Transactional Records Access Clearinghouse, a Syracuse University-based organization responsible for much of the non-partisan data analysis on immigration
Transactional Records Access Clearinghouse, a Syracuse University-based organization responsible for much of the non-partisan data analysis on immigration enforcement, is accusing Immigration and Customs Enforcement officials of purposefully withholding information on immigrant detainees. After TRAC requested detailed information on the enforcement process through the Freedom of Information Act, ICE responded by saying much of the data was unavailable — even if ICE has previously released information on the same topic. ICE also set a high price for going through the data: $450,000.
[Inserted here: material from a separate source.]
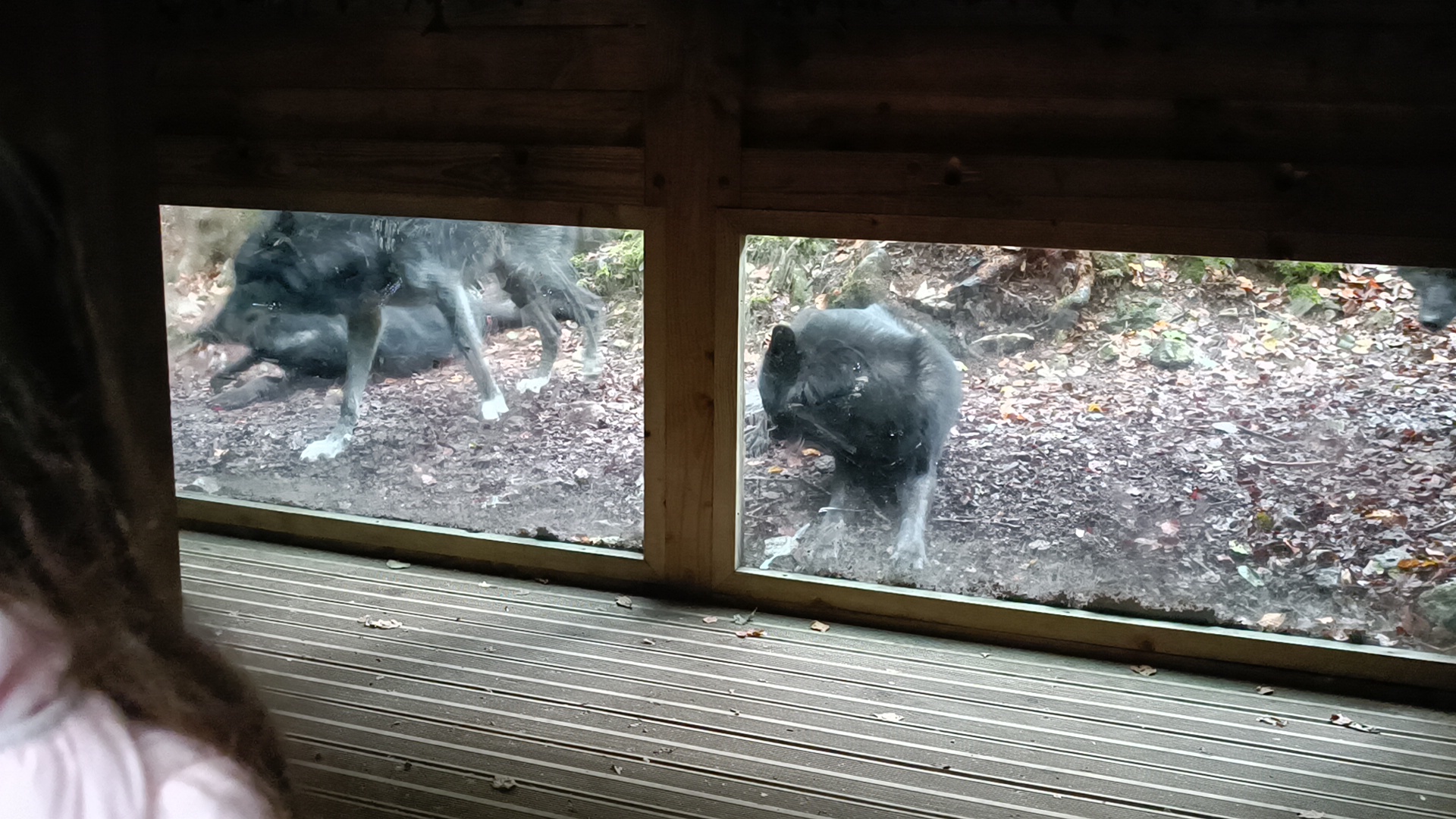 Photo n° 1 de l'avis de Elisa.a fait le 27/10/2023 à 14:37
TRAC requested a large set of data as part of its research on who is caught by ICE. Its FOIA request is very detailed, asking for information on detainee-by-detainee data on when and where illegal immigrants were arrested, how many family members they have in the U.S. and the final result of enforcement process. But ICE said in a response letter on Sept. 22 that much of this information was unavailable. (Click here to see a spreadsheet of the data requested.) This includes information ICE has released for detainees before, including their marital status, where they were detained and where they are being held now. Available information would cost TRAC $450,000, the ICE letter said — even though TRAC is part of an educational institution.
This time, though, a representative from ICE said the agency cannot provide information on certain topics, but did not explain why. TRAC argues this is a violation of the agency’s rules, the Obama administration’s stated commitment to transparency and FOIA policies, which require federal agencies to state specific reasons for keeping data from FOIA requesters.
The information requested by TRAC would be helpful to researchers and observers hoping to put numbers to the debate over immigration enforcement. While the Obama administration touts its increased enforcement, particularly of illegal immigrants who commit crimes, little is known about who the detainees are and how they enter the detention system. Without the information, it is difficult to challenge the images of illegal immigrants promoted by either side of the debate: from the right, illegal immigrants as dangerous criminals who must be removed; from the left, hard-working family members caught in an unfair system. There are likely elements of each, but additional information on detainees could clarify the picture.